Question

Find the points of discontinuity, if any, of the following functions: 

\[f\left( x \right) = \begin{cases}x^3 - x^2 + 2x - 2, & \text{ if }x \neq 1 \\ 4 , & \text{ if } x = 1\end{cases}\]

 

Answer 1

When x 

\[\neq\] 1 then 

\[f\left( x \right) = x^3 - x^2 + 2x - 2\]

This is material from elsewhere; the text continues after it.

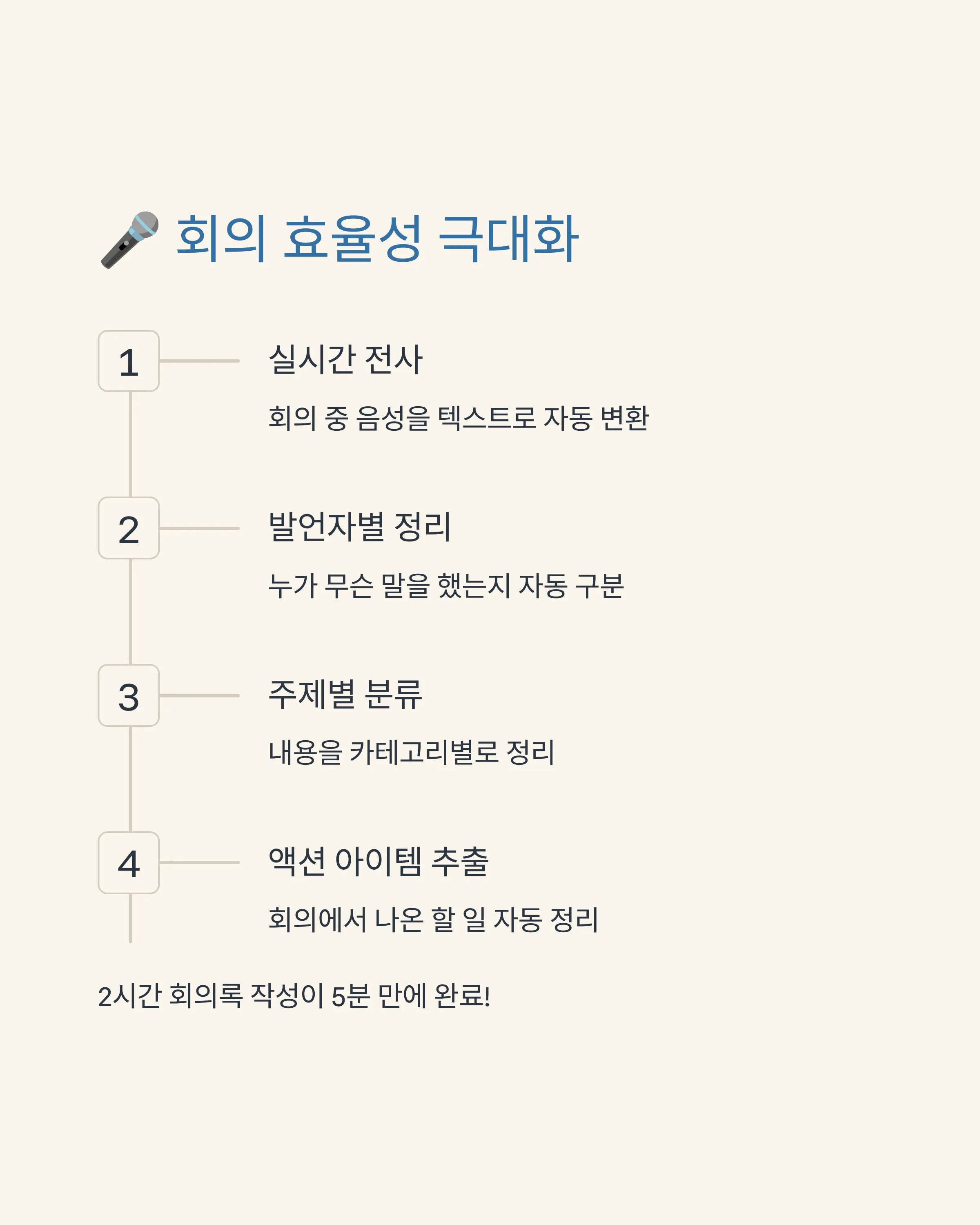 AI 도구로 업무 효율성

We know that a polynomial function is everywhere continuous.
So,

\[f\left( x \right) = x^3 - x^2 + 2x - 2\] is continuous at each x

\[\neq\] 1

At x = 1, we have

(LHL at x = 1) =

\[\lim_{x \to 1^-} f\left( x \right) = \lim_{h \to 0} f\left( 1 - h \right) = \lim_{h \to 0} \left( \left( 1 - h \right)^3 - \left( 1 - h \right)^2 + 2\left( 1 - h \right) - 2 \right) = 1 - 1 + 2 - 2 = 0\]

(RHL at x = 1) =

\[\lim_{x \to 1^+} f\left( x \right) = \lim_{h \to 0} f\left( 1 + h \right) = \lim_{h \to 0} \left( \left( 1 + h \right)^3 - \left( 1 + h \right)^2 + 2\left( 1 + h \right) - 2 \right) = 1 - 1 + 2 - 2 = 0\]

Also,

\[f\left( 1 \right) = 4\]

\[\lim_{x \to 1^-} f\left( x \right) = \lim_{x \to 1^+} f\left( x \right) \neq f\left( 1 \right)\]

Thus,

\[f\left( x \right)\] is discontinuous at x = 1.

Hence, the only point of discontinuity for 

\[f\left( x \right)\] is x = 1.